§ **Source records**
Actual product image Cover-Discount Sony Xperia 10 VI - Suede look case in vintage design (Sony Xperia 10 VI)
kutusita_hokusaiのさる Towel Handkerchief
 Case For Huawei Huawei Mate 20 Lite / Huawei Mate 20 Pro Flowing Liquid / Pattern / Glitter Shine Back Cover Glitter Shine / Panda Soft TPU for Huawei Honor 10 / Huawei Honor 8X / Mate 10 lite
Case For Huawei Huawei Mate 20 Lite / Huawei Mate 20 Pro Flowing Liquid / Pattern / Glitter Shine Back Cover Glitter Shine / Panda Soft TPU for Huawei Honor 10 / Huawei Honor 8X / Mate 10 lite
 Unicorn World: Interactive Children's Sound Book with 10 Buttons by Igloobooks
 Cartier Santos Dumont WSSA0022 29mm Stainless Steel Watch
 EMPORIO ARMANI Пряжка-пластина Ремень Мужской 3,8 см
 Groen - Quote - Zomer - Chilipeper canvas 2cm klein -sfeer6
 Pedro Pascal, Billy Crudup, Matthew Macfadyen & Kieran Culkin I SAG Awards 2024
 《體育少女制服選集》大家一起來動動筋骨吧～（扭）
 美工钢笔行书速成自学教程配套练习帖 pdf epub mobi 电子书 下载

§ **Directions for this task**
Would you transcribe the records above exactly, leaving nothing out?

§ **Result of the exercise**
Actual product image Cover-Discount Sony Xperia 10 VI - Suede look case in vintage design (Sony Xperia 10 VI)
kutusita_hokusaiのさる Towel Handkerchief
 Case For Huawei Huawei Mate 20 Lite / Huawei Mate 20 Pro Flowing Liquid / Pattern / Glitter Shine Back Cover Glitter Shine / Panda Soft TPU for Huawei Honor 10 / Huawei Honor 8X / Mate 10 lite
Case For Huawei Huawei Mate 20 Lite / Huawei Mate 20 Pro Flowing Liquid / Pattern / Glitter Shine Back Cover Glitter Shine / Panda Soft TPU for Huawei Honor 10 / Huawei Honor 8X / Mate 10 lite
 Unicorn World: Interactive Children's Sound Book with 10 Buttons by Igloobooks
 Cartier Santos Dumont WSSA0022 29mm Stainless Steel Watch
 EMPORIO ARMANI Пряжка-пластина Ремень Мужской 3,8 см
 Groen - Quote - Zomer - Chilipeper canvas 2cm klein -sfeer6
 Pedro Pascal, Billy Crudup, Matthew Macfadyen & Kieran Culkin I SAG Awards 2024
 《體育少女制服選集》大家一起來動動筋骨吧～（扭）
 美工钢笔行书速成自学教程配套练习帖 pdf epub mobi 电子书 下载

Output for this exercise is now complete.